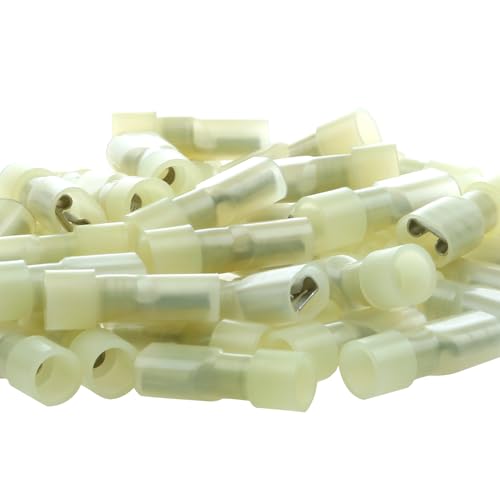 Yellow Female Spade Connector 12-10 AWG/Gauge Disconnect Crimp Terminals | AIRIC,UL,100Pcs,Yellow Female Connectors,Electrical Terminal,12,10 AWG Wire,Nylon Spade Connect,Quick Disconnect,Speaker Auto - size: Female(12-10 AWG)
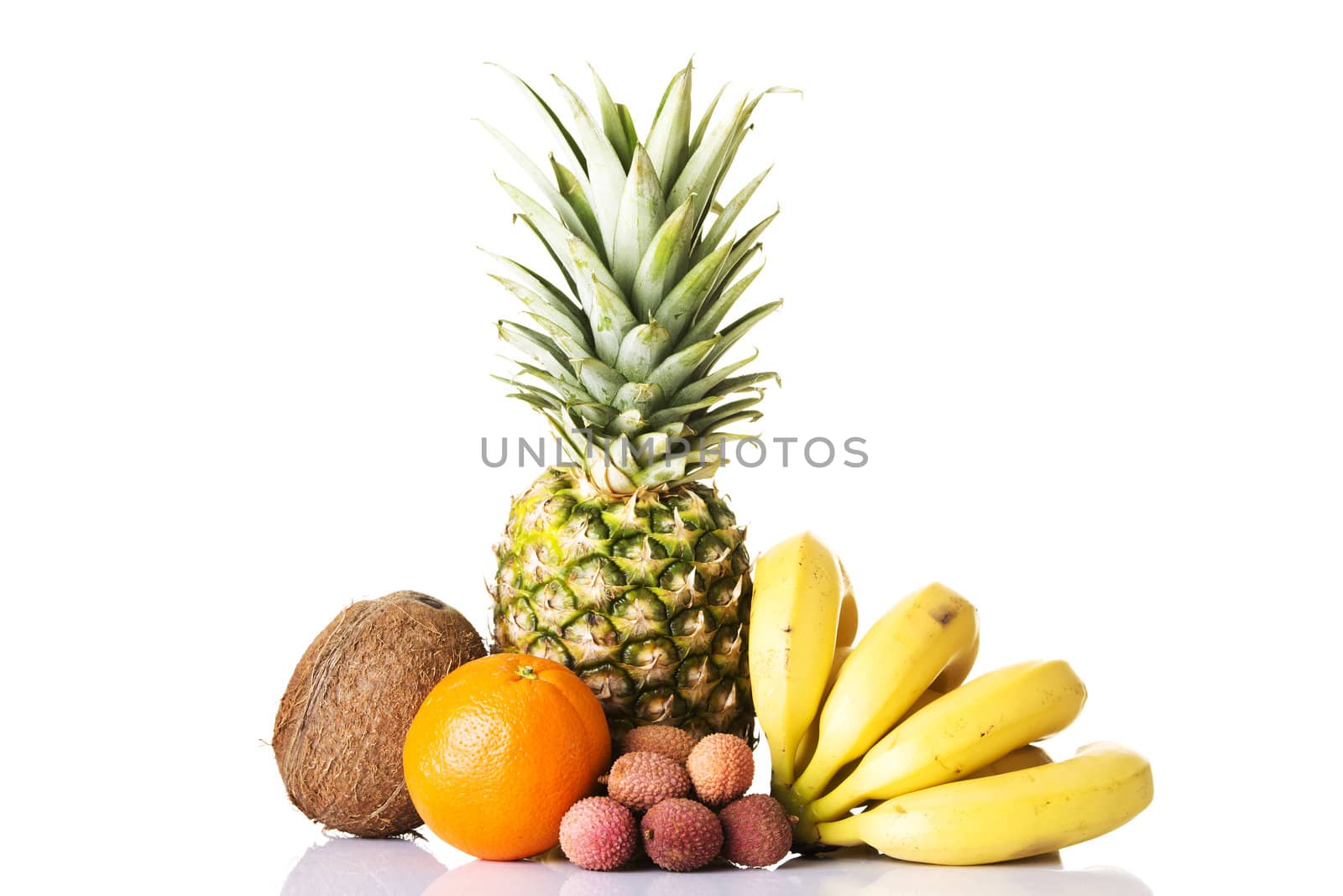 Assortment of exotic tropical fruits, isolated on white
---
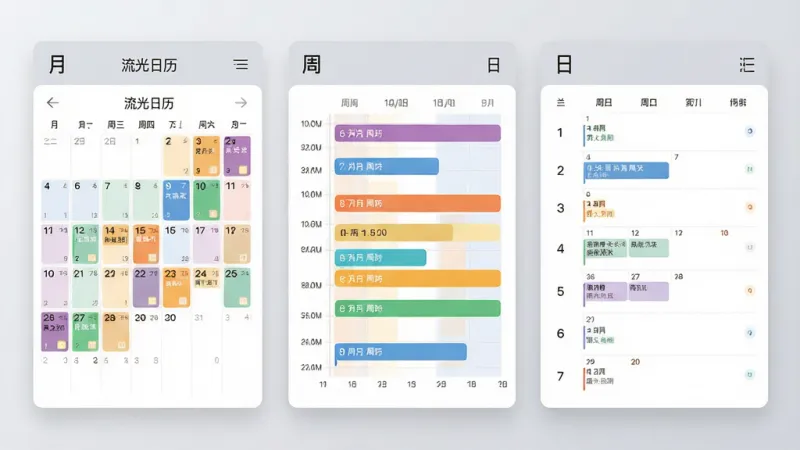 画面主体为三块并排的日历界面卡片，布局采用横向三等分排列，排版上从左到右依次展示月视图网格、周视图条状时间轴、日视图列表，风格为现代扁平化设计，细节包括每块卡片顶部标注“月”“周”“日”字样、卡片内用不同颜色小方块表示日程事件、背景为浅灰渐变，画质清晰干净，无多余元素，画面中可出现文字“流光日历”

Required action
The data above holds the lines to copy: start at the one with "Yellow Female Spade", stop at the one with "Assortment of exotic", include both, copy them exactly without pictures, and copy nothing else.

Output below
 Yellow Female Spade Connector 12-10 AWG/Gauge Disconnect Crimp Terminals | AIRIC,UL,100Pcs,Yellow Female Connectors,Electrical Terminal,12,10 AWG Wire,Nylon Spade Connect,Quick Disconnect,Speaker Auto - size: Female(12-10 AWG)
 Assortment of exotic tropical fruits, isolated on white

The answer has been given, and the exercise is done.